**INFORMATION GIVEN:**

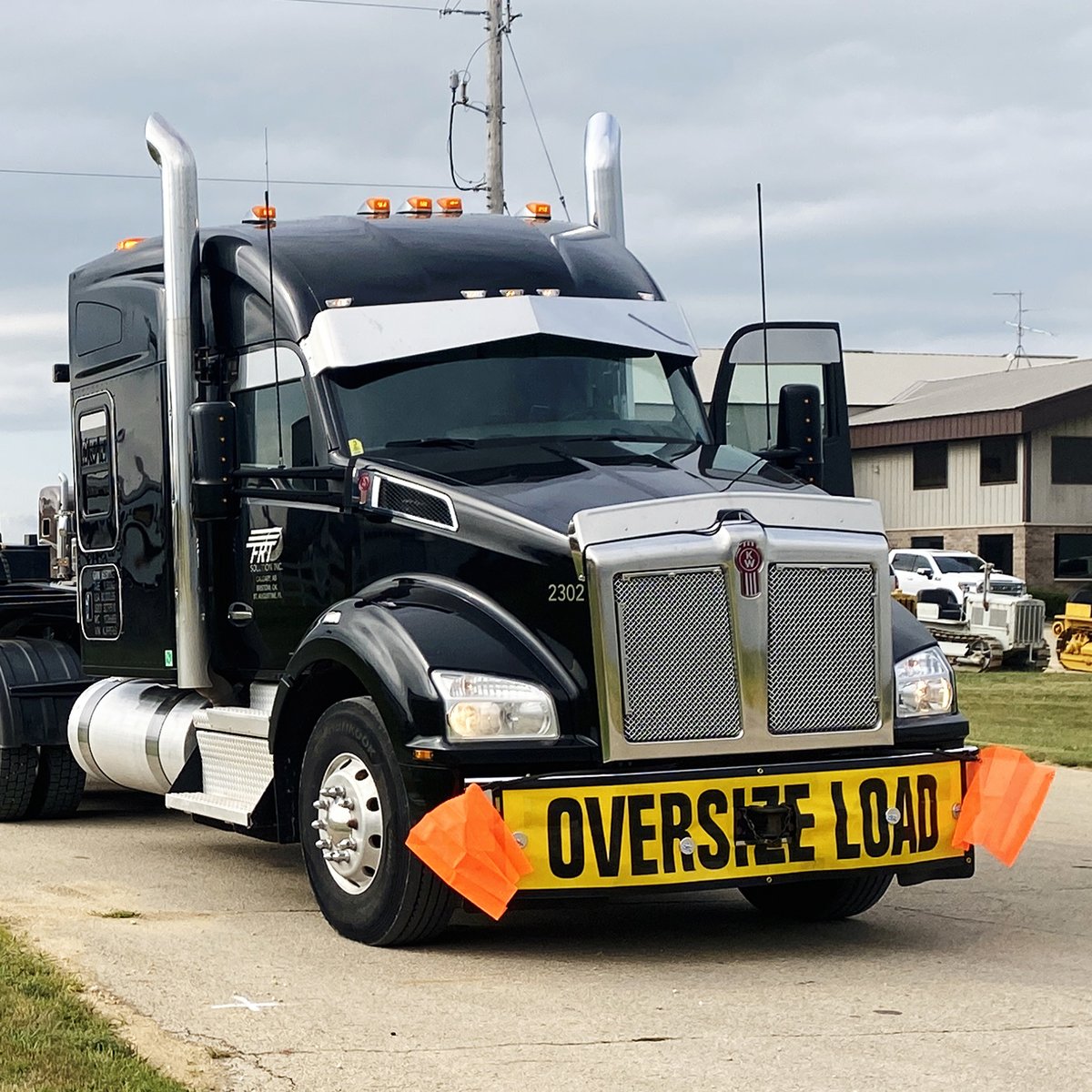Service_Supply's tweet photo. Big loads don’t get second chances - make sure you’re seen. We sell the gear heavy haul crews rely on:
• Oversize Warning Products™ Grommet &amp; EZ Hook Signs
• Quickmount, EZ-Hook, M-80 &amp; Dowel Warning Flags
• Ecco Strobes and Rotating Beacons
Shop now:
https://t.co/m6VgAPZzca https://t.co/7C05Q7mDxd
...
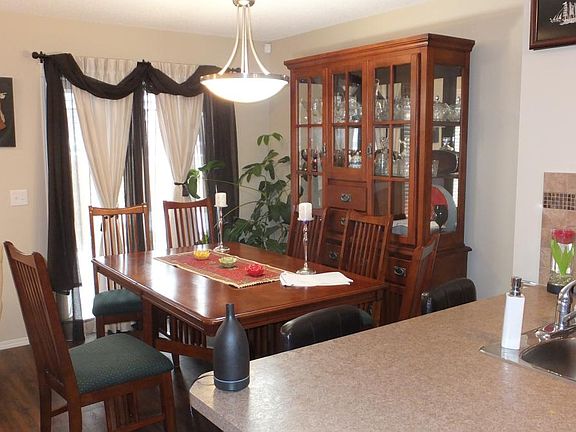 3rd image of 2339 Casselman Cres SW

**PROBLEM DESCRIPTION:**
Reproduce exactly the stretch of the material above that starts at the line with "and Rotating Beacons" and ends at the line with "https://t.co/m6VgAPZzca https://t.co/7C05Q7mDxd", both included, and nothing else.

**RESPONSE TO THIS EXERCISE:**
• Ecco Strobes and Rotating Beacons
Shop now:
https://t.co/m6VgAPZzca https://t.co/7C05Q7mDxd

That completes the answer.